このプロセスを通して、モデルコンポーネントは、モデルコンポーネントの１つ以上のプールからプルーニングされる。本発明の主要部に従ってモデルコンポーネントをプルーニングすることによって、反復モデリング（および関連するタスク）を実行するために必要な計算時間が劇的に低減される。 Through this process, model components are pruned from one or more pools of model components. By pruning the model components according to the main part of the invention, the computational time required to perform iterative modeling (and related tasks) is dramatically reduced.

１つの特定のタイプの反復モデリングに限定されることを望まないが、本発明の主要部の実施形態のサブセットは、遺伝的プログラミングプロセスにおけるモデルの開発のための可能なモデルコンポーネントとしてモデルコンポーネントが排除される装置、システムおよび方法を提供する。本発明の主要部を遺伝的プログラミングへ適用する実例は、他の反復モデリング技法への適用を理解するのに有用である。 Although not desired to be limited to one particular type of iterative modeling, a subset of the embodiments of the main parts of the invention exclude model components as possible model components for the development of models in the genetic programming process. Provide devices, systems and methods to be used. Examples of applying the main part of the present invention to genetic programming are useful for understanding the application to other iterative modeling techniques.

例えば、企図される実施形態のこのサブセットでは、第１のフェーズは、遺伝的プログラミングプロセスを使用して、「ラン」を構成するモデルのセットを生成することである。用語「ラン」は、「最良」モデルに収束するように操作されるモデルのセットを示す。ラン内で、モデルコンポーネントのプールからのモデルコンポーネントを使用して、モデルセットが生成される。 For example, in this subset of the intended embodiments, the first phase is to use a genetic programming process to generate a set of models that make up a "run." The term "run" refers to a set of models that are manipulated to converge to the "best" model. In the run, a model set is generated using the model components from the pool of model components.

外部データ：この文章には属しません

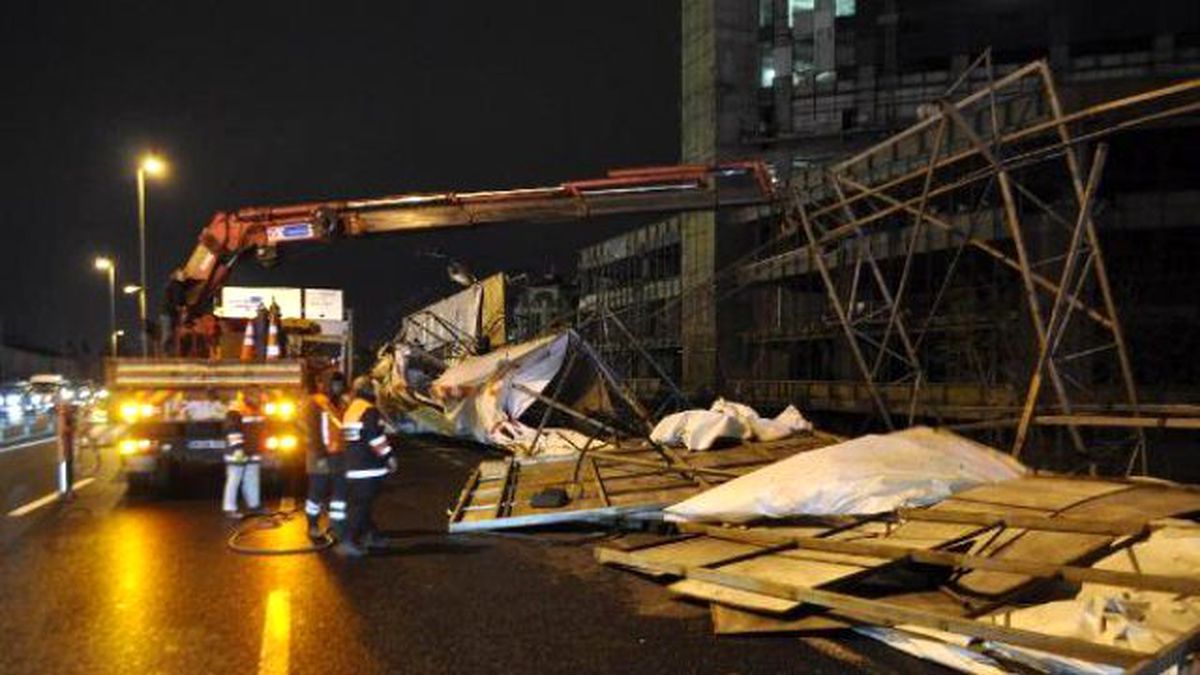 Şiddetli Poyraz, Reklam Panolarını E-5\'e Uçurdu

このモデルセットは、モデルの世代と呼ばれる。次のフェーズでは、（ランダムに生成された）第１世代のモデルは、その世代におけるどのモデル（１つ以上）が最良の性能を発揮するかを決定するために競合させられ、次に、一部は（例えば、複製に基づいて、または複製することによって）前世代からのモデルを使用して、次のモデル世代が生成される。これらのフェーズは、データセットにおける予測子と結果の関係を適切に記述する１つ以上のモデルが開発されるまで、各ラン内の複数世代にわたって繰り返し完了される。 This model set is called the model generation. In the next phase, the (randomly generated) first generation models are competed to determine which model (one or more) in that generation will perform best, and then one. The part uses a model from the previous generation (eg, based on or by duplicating) to generate the next model generation. These phases are iteratively completed across multiple generations within each run until one or more models are developed that adequately describe the relationship between predictors and results in the dataset.

次のフェーズでは、選択されたモデルコンポーネントについてユーティリティメトリックが計算され、各ランの選択モデルについてモデル属性メトリックが計算される。 In the next phase, utility metrics are calculated for the selected model components and model attribute metrics are calculated for the selected model in each run.

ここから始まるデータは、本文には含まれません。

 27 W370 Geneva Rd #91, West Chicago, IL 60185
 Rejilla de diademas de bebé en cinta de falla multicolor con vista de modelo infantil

第１世代のランは、モデルセットの生成を必要とする。本発明の主要部のモデルは、表記ｍ_ａｂｃを使用して記述され、この場合、ａはラン数であり、ｂは世代番号であり、ｃはモデル数である。図６は、ラン数１を有するランを示し、モデルｍ_１１１〜ｍ_１１ｉから構成される第１世代を示す。ｉの値は、その世代におけるモデル数である。ｉは、１０〜１，０００，０００、より好ましくは１００〜１０，０００、最も好ましくは１，０００〜５，０００であり得ることが企図される。 First-generation runs require model set generation. The model of the main part of the present invention is described using the notation _mabc , where a is the number of runs, b is the generation number, and c is the number of models. FIG. 6 shows a run having a run number of 1 and shows a first generation composed of models m _{111 to} m _11i . The value of i is the number of models in that generation. It is contemplated that i can be 10 to 1,000,000, more preferably 100 to 10,000, most preferably 1,000 to 5,000.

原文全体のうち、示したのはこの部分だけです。